Leaving our overnight freedom camping spot at Blue Bay, Opoutama, we back tracked to Nuhaka and rejoined SH2 to take us on to Gisborne. The hills were covered in “50 shades of green” as the landscape changed from radiata pine forests, to native trees and ferns. Once again the road was hilly, full of ups and downs and we met plenty of timber trucks fully laden with cut logs going the other way.
We stopped for lunch at a rest area at the top of Wharerata Hill. There is a plaque here which commemorates the completion of major reconstruction of the Wharerata section of State Highway 2 in 1966. The view from this spot is magnificent, looking down on to Poverty Bay and Young Nick's Head. The headland was named after a lad in Captain Cook’s crew, Nicholas Young, who made the first sighting of land, earning himself a gallon of rum and a place in the history book. Captain James Cook and his crew first set foot on New Zealand soil at Kaiti Beach, Gisborne, on 9th October 1769.
Called “Gizzy” by the locals, this is a very busy place. Gisborne certainly embraces the Captain Cook connection and there are several replicas of the Endeavour on high poles throughout the town.
And right in the middle of the main street is the famous clock tower, where several of us sang and danced away 1999 on New Year's Eve as we waited for the year 2000 to arrive. Gisborne was deemed to be the first place in New Zealand to see the new Millennium and we just had to be here for this momentous occasion. After midnight we wandered down to the beach, well rugged up to await the new dawn and the celebrations which unfolded on the beach.
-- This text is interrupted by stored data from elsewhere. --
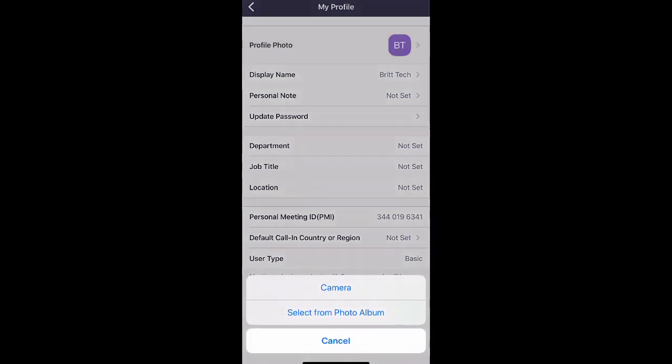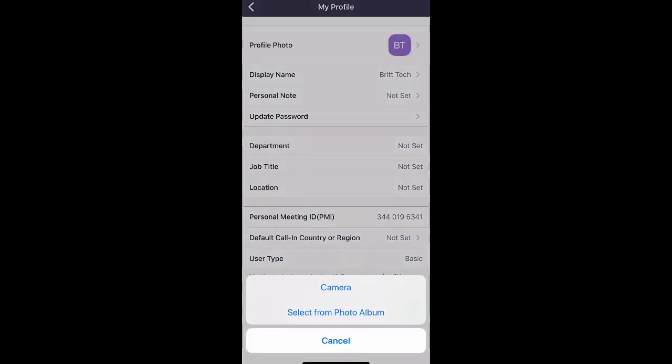And then once you do that, it's going to ask you if you want to take a photo with your camera or choose one from your photo library. Go ahead and choose either one of those. For the purposes of this video, I'm going to choose camera.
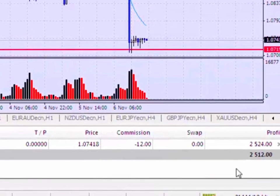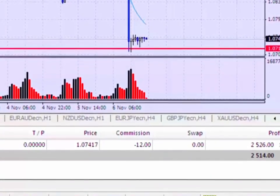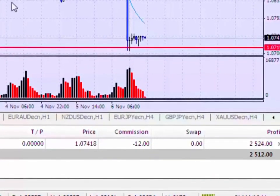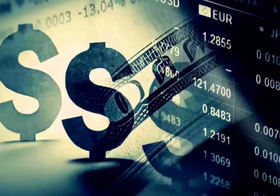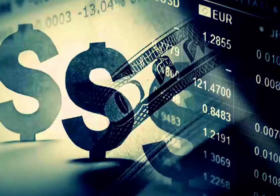The majority of forex traders do not understand fundamental analysis. They do not understand how to interpret economic data, how to use this economic data to trade the market. They don't understand sentiment, they don't understand risk aversion, risk appetite — and these are key things that you should understand if you wish to be a successful forex trader.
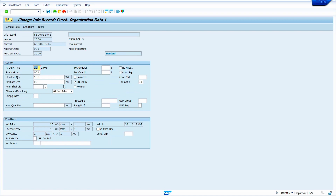Here I am going to change the net price of the Purchase Info record. To change the net price, I need to click on conditions. But before that, I will create a purchase order to show the current price.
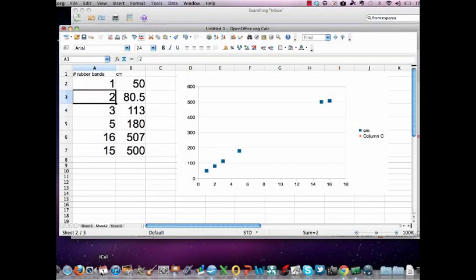In our algebra class with Mr. Clark, our e-learning coach, we have been discussing scatter plots, positive and negative correlation, finding the best fit line, and finding the slope of that line. We've gone through with the netbooks using the spreadsheet in OpenOffice to display data.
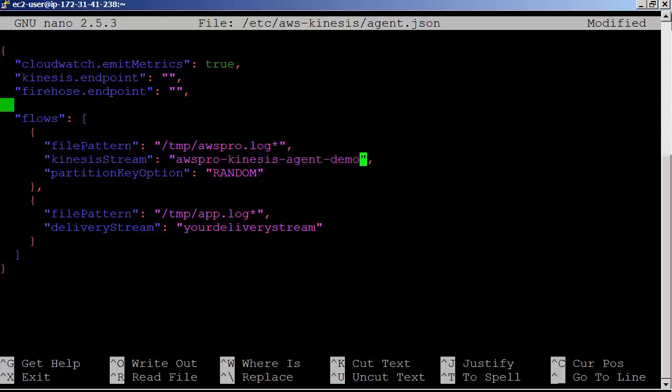The next block is for Kinesis Firehose, so no need to change anything now. Let's save and exit the file.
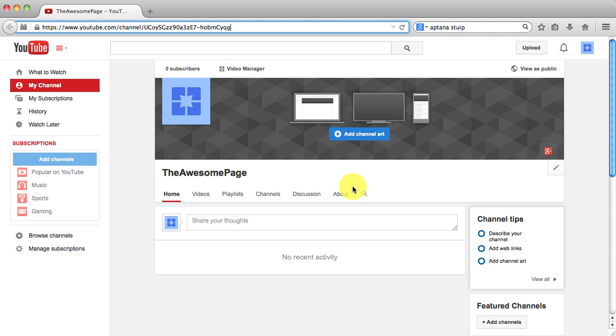Hey everybody and welcome to Browser Language. In this video I'm going to show you how to change or create your YouTube channel URL.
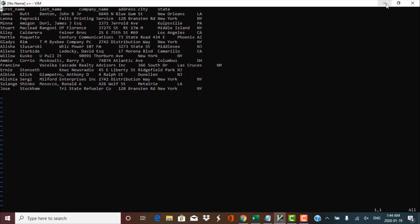Hello and welcome to this training session on UNIX VI editor. The VI editor can be a little scary and daunting for UNIX beginners. In this session, we'll take a look at some basic operations that can be performed in the VI editor to edit a file. So let's begin.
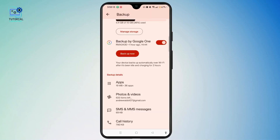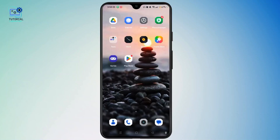And if the SMS backup was enabled before deletion, you can restore SMS or messages by factory resetting your phone, signing in with the same Google account, and selecting Restore Backup. So this method only works if the backup was created before deleting the messages.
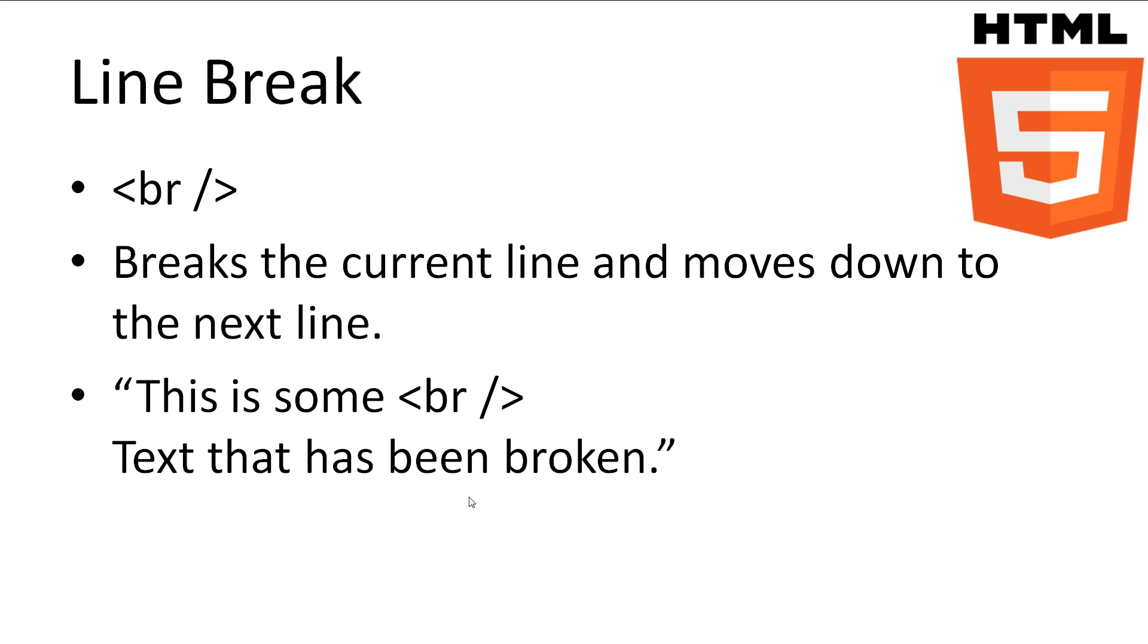This is where the line break tag comes in handy. We insert the line break tag called br to tell the browser to break the line here and continue the text on the next line. You may notice that we have a forward slash at the end of the tag. This is called a self-closing tag. Because this tag requires no other information than just being in the code, we can shortcut to close itself once it's done breaking the line.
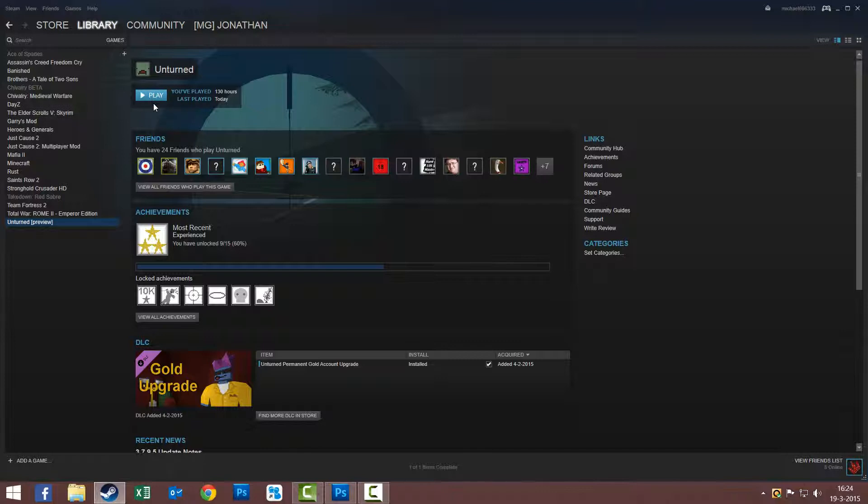That's how it goes. So now you have the newest Unturned. Every time Nelson updates, it also automatically updates. So I hope you guys enjoyed and understood.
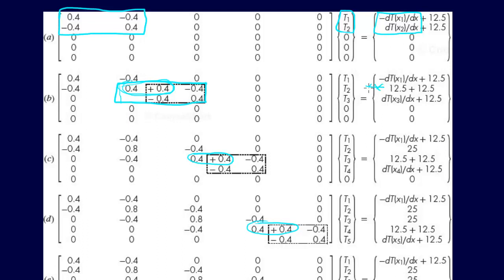right, and those are going to be gone, and then that's going to leave us with just this 12.5 plus the 12.5 from the next set of equations. So you can see what's happening there.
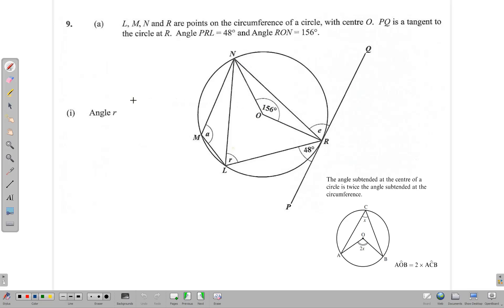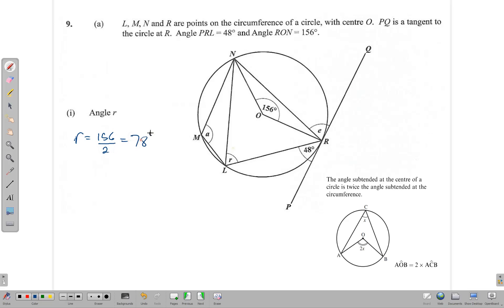First we are asked to find angle R. Angle R is on the circumference and angle NOR is at the center. What we know is that the angle at the center of a circle is twice the angle at the circumference. So angle R is equal to 156 divided by 2, which gives us 78 degrees. That is our reasoning: the angle at the center is twice the angle at the circumference.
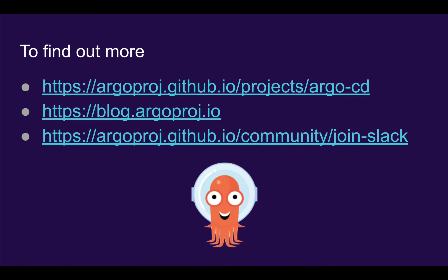To learn more about Argo CD, please visit our GitHub page, read our blog, or join our Slack.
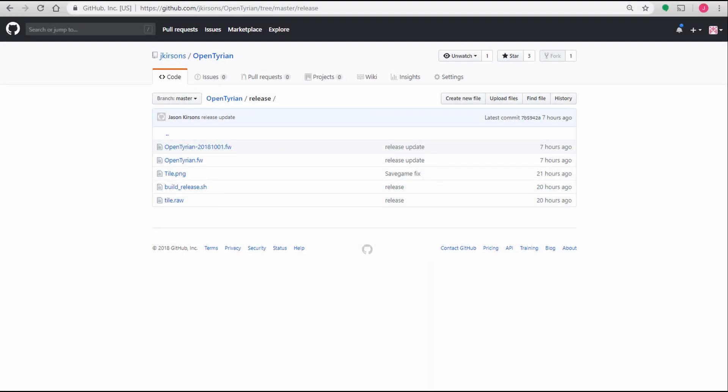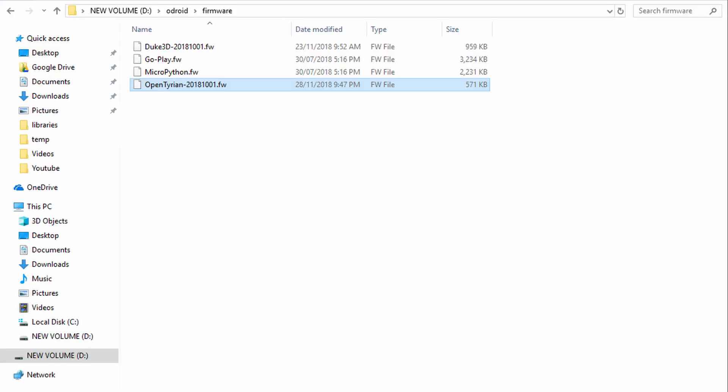First, you'll need to download the OpenTyrion firmware file from the link in the description. Save this file to the Odroid firmware folder on your SD card.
Then it was back to our van for a Champagne Breakfast. We were camped in the local High School which opened it’s grounds for caravans, and spent a very enjoyable week here, all that time ago.
Captain Cook is honoured with a statue on Waikanae Beach, as is “Young Nick”. Captain Cook and his crew came ashore seeking fresh food and water, and Captain Cook and Maori chief Toka a-Taiau greeted one another. The traditional Maori challenge was made, and unfortunately misunderstood by the English. Shots were fired, killing some Maori men and the ship hurriedly sailed away without the badly needed provisions, and Poverty Bay received it’s name. From here the Endeavour circumnavigated New Zealand, and Captain Cook plotted the first map of this country.
We are camped at the Waikanae Beach Top 10 Holiday Park, just across from the beautiful sweep of Waikanae Beach – the only complaint is that the sites are rather small for a large caravan plus tow car. School holidays are in full swing and the camp has many families camping, as well as plenty of tourists staying. After five days at Putorino without power we are making full use of the facilities and the laundry has been well used, and we have been doing other necessary jobs, like restocking supplies at the supermarket. Robin took his flat tyre in to get repaired – it is now back where it belongs and the spare is once again secured on the back of the caravan. And he has purchased a new bottle jack to replace his old one which leaked hydraulic fluid everywhere.
The beautiful safe Waikanae beach is just over the fence, and we can hear the the waves breaking on the beach from out site, as well as the hum of the busy port close by as men, machines and ships go about their business.